Short web captions
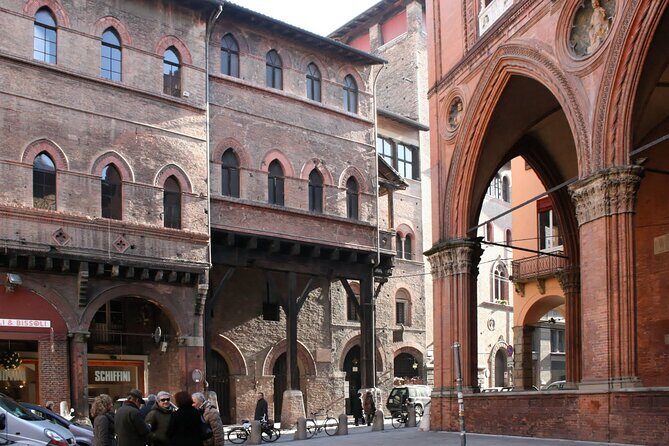 Discover Bologna an amazing city - Archiginnasio di Bologna: university grandeur and the anatomy theatre add-on
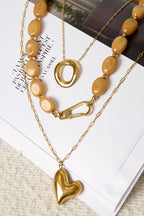 Collana con perline e chiusura frontale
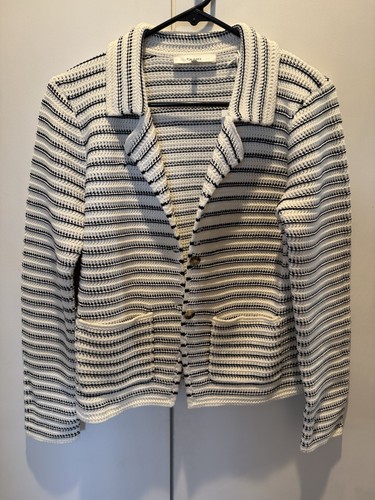 Bnwt frame the crochet - bnwt,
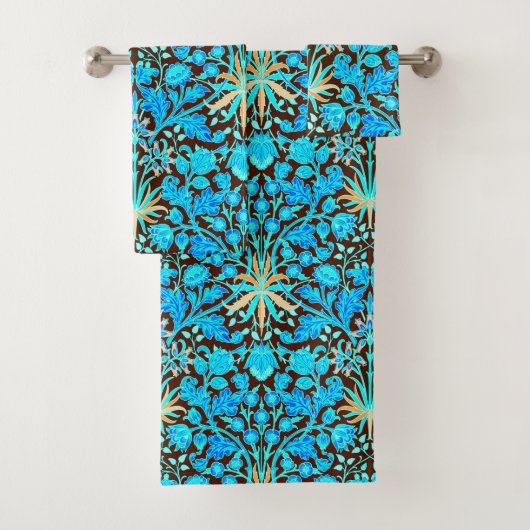 William Morris Hyacinth Print, Aqua en Brown Bad Handdoek (Insitu)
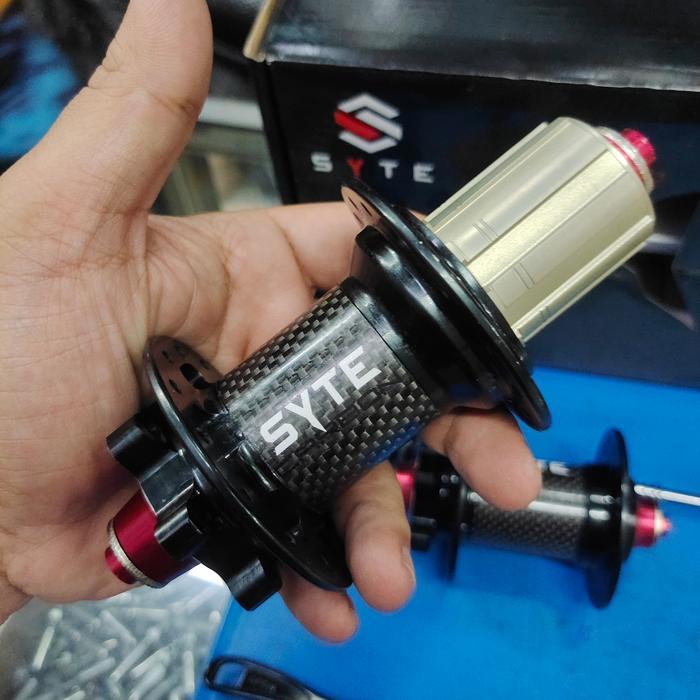 Hub Freehub SYTE ST-D452 Carbon 28 Holes Carbon Disc Brake Six Bolt 6 Baut Hub Syte ST D452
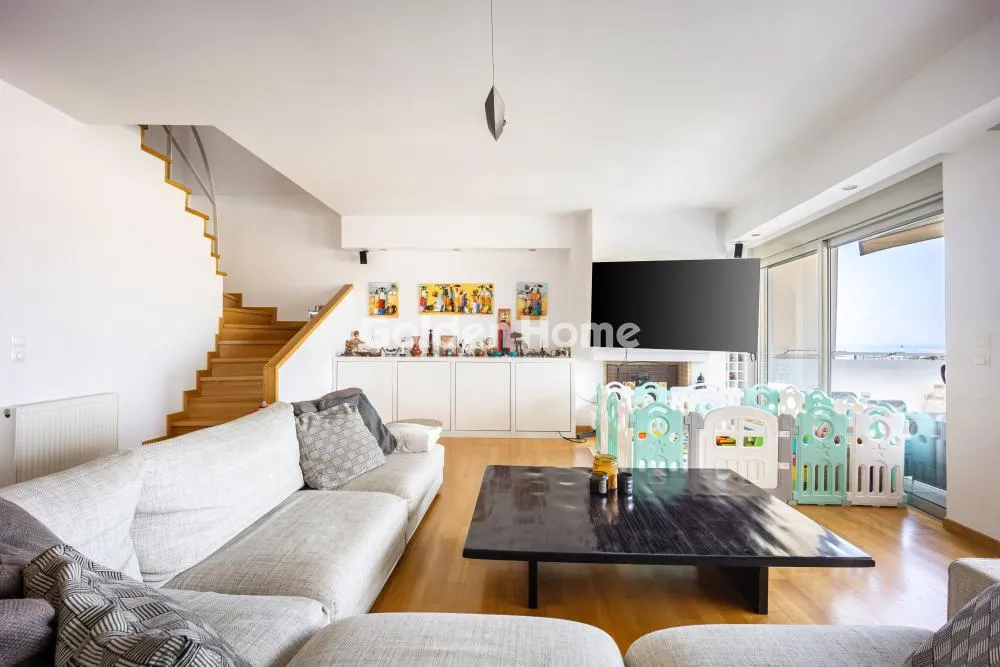 Elutuba - Mezzanine Flat with Park View in Elliniko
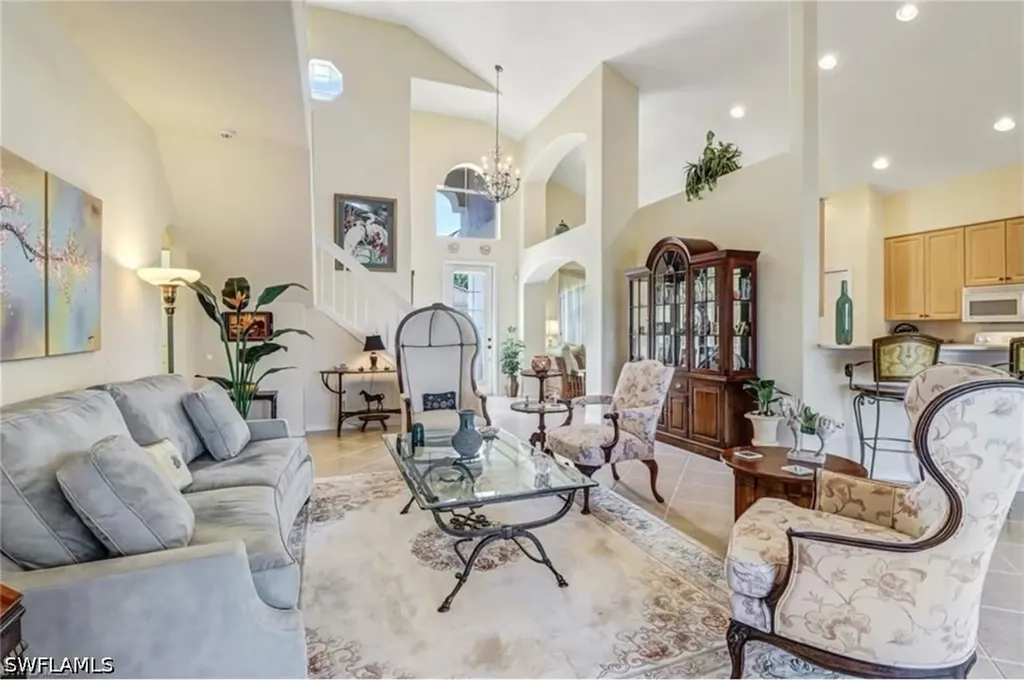 1041 Jardin Drive Naples FL 34104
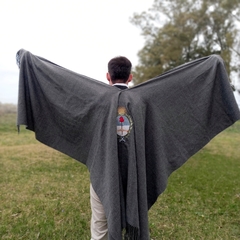 RUANA GRIS ESCUDO NACIONAL - Pitrelli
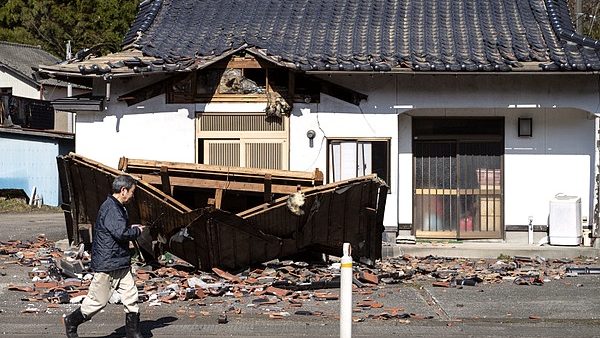 Four dead after powerful Japan quake rattles east coast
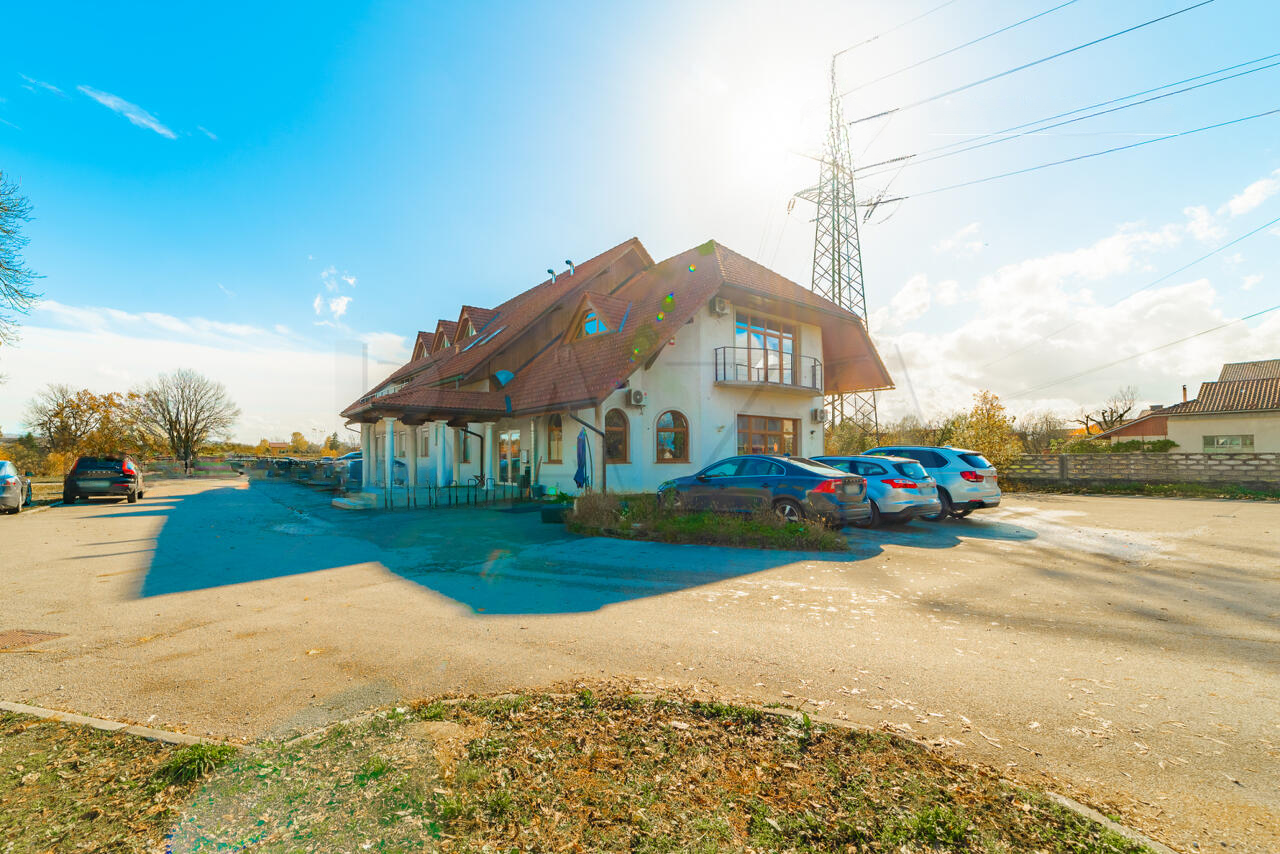 Офис в Любляне, Словения, 1 041 м² - фото 6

▶ [WHAT THE TASK ASKS] Wherever an image appears, omit it; copy the rest of the records exactly.

▶ [TASK OUTPUT]
 Discover Bologna an amazing city - Archiginnasio di Bologna: university grandeur and the anatomy theatre add-on
 Collana con perline e chiusura frontale
 Bnwt frame the crochet - bnwt,
 William Morris Hyacinth Print, Aqua en Brown Bad Handdoek (Insitu)
 Hub Freehub SYTE ST-D452 Carbon 28 Holes Carbon Disc Brake Six Bolt 6 Baut Hub Syte ST D452
 Elutuba - Mezzanine Flat with Park View in Elliniko
 1041 Jardin Drive Naples FL 34104
 RUANA GRIS ESCUDO NACIONAL - Pitrelli
 Four dead after powerful Japan quake rattles east coast
 Офис в Любляне, Словения, 1 041 м² - фото 6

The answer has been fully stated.